I'm trying to understand all the relevant implications of the --max-obj-size value used when creating an s3ql file system. I have yet to find a complete description of the implications of this option, but have been able to piece together a few bits from the docs and discussion groups.
Mainly, I have found reasons to use larger --max-obj-size values, which leaves me wondering, why not use an arbitrarily large value (10mb? 100mb? 1gb?):
- Smaller values mean more "inodes" are used, and worse performance from the sqlite database (as the same number of files requires more inode entries)
Smaller values can hurt throughput (especially for sequential reads).
From the version 1.8 changelog:
As a matter of fact, a small S3QL block size does not have any advantage over a large block size when storing lots of small files. A small block size, however, seriously degrades performance when storing larger files. This is because S3QL is effectively using a dynamic block size, and the --blocksize value merperformanceely specifies an upper limit.
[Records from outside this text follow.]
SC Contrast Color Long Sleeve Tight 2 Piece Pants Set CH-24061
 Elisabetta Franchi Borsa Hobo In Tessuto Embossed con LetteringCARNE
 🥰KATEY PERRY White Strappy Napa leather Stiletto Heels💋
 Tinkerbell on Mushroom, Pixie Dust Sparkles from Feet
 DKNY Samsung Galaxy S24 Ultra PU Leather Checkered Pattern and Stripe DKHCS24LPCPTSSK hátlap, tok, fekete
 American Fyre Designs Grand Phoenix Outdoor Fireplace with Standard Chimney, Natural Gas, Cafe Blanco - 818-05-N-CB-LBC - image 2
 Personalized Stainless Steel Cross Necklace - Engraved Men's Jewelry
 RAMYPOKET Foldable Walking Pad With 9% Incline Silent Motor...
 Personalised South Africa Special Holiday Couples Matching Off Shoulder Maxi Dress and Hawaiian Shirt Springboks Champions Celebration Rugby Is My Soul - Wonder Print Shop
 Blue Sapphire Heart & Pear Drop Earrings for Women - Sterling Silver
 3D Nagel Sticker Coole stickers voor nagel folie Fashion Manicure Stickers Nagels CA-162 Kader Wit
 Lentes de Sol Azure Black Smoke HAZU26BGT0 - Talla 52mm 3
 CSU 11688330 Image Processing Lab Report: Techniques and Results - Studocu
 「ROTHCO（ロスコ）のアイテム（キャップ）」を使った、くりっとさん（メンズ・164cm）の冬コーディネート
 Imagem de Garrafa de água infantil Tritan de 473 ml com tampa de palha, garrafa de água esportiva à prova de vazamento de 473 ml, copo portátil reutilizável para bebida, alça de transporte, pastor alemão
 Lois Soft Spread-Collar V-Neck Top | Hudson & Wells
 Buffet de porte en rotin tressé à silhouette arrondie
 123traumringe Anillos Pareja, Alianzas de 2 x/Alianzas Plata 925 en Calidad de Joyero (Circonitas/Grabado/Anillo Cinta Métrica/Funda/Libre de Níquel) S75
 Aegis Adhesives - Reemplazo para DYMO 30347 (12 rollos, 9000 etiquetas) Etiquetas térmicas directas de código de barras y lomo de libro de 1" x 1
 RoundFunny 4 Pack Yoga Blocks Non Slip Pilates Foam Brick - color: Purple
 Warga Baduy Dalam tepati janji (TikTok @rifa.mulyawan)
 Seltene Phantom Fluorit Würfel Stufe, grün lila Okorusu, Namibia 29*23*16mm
So far the only advantages I have found or imagined for smaller block sizes are:
- Less bandwidth used to re-write a portion of a file
Possibly better deduplication
The --min-obj-size option does not affect deduplication. Deduplication happens before blocks are grouped.
The --max-obj-size affects deduplication, since it implicitly determines the maximum size of a block.
Can anyone offer a summary of the trade-offs one makes when selecting a larger or smaller --max-obj-size when creating a s3ql file system?